Éternité et immortalité
Petites variations philosophiques...

I - La  méditation de la mort

 

La première démarche du philosophe, lorsqu’il se détourne du monde pour se livrer à la spéculation, est de méditer sur la mort. Car s’il connaissait la mort, il saurait toute la vérité sur la vie. Semblable à Adam avant le péché, il ne connaîtrait pas le tragique du désir, il ne connaîtrait pas l’angoisse. Un instant de détente au milieu de ses jeux multiples, et voici l’homme obligé de faire face à la question qui s’impose essentielle, inéluctable : «  Que signifie tout cela ? »

II - La découverte de l'éternité

Si je pense la mort dans la durée, c’est qu’elle est par rapport au moi d’aujourd’hui un événement futur. Mais qui m’empêche de supposer qu’au moment précis où je mourrai, je la verrai sous un autre jour, non pas événement temporel, mais acte irréductible extra-temporel ? J’ai déjà l’expérience du sommeil. Au moment où le moi tombe dans le gouffre béant de l’inconscience, il a franchi sa limite sans le savoir lui-même, car la conscience a ceci de particulier que nous ne savons pas que nous la perdons. Je ne sais donc rien sur le grand passage.

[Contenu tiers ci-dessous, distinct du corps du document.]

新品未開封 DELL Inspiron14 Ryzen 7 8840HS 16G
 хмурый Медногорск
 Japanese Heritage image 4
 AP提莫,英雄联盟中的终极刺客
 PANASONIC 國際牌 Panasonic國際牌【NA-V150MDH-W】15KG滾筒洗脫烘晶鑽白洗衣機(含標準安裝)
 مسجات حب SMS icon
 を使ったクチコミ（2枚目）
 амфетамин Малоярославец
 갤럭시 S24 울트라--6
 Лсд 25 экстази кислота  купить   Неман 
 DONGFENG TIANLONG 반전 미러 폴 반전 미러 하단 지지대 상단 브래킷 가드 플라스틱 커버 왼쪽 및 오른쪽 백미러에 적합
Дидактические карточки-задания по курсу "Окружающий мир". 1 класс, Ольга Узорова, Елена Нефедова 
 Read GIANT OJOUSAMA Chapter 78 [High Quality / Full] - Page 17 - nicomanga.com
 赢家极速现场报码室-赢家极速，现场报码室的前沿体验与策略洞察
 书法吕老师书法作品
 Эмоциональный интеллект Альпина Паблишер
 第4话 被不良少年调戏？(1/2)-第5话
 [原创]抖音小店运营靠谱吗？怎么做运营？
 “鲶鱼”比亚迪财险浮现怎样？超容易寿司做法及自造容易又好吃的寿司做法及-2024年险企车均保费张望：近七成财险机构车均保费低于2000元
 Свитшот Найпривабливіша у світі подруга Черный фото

III - Le conflit de la vie et de l'être

Ce moi éternel pourrait-il nous guérir de l’angoisse de l’immortalité ? Lorsque je le pressens, c’est comme une région de paix qui m’appelle, une région où la ligne du temps n’existe plus, où je n’ai plus le soucis de nier la mort ou de la désirer. Il n’y a plus le vide, l’ennui, mais la plénitude de l’être. Mais cette région n’est jamais atteinte. Le moi présente cette étrange contradiction d’être éternel et de se dérouler nécessairement dans le temps. Les rares moments où sa destinée éternelle se dessine au loin, comme une promesse, sont des moments d’infidélité à la vie.

IV - Présent et instant

Puisque ni la philosophie pure, ni quelque dogmatique ne résolvent le conflit fondamental entre éternité et immortalité, l’homme doit se tourner vers lui-même, car c’est en lui que gît la source de la contradiction.

V - Le triomphe de l'être

Dans quelle condition s’opère l’inexplicable fusion qui fait disparaître l’angoisse ? Il faut que la notion de la continuité temporelle soit perdue, débordée en tous sens par le sentiment de l’éternel. Alors, ce n’est pas le temps qui est nié, mais l’immortalité. Le temps subsiste dans sa nature propre de cadre de la sensibilité ; il permet la saisie de l’éternel, mais alors on ne pense plus à lui, car il est comblé. Au contact de l’être éternel transcendant le devenir, tout rêve s’évanouit. Or l’immortalité n’est qu’un rêve, celui que construit l’âme angoissée qui espère, en prolongeant indéfiniment la vie, atteindre l’être absolu auquel elle aspire.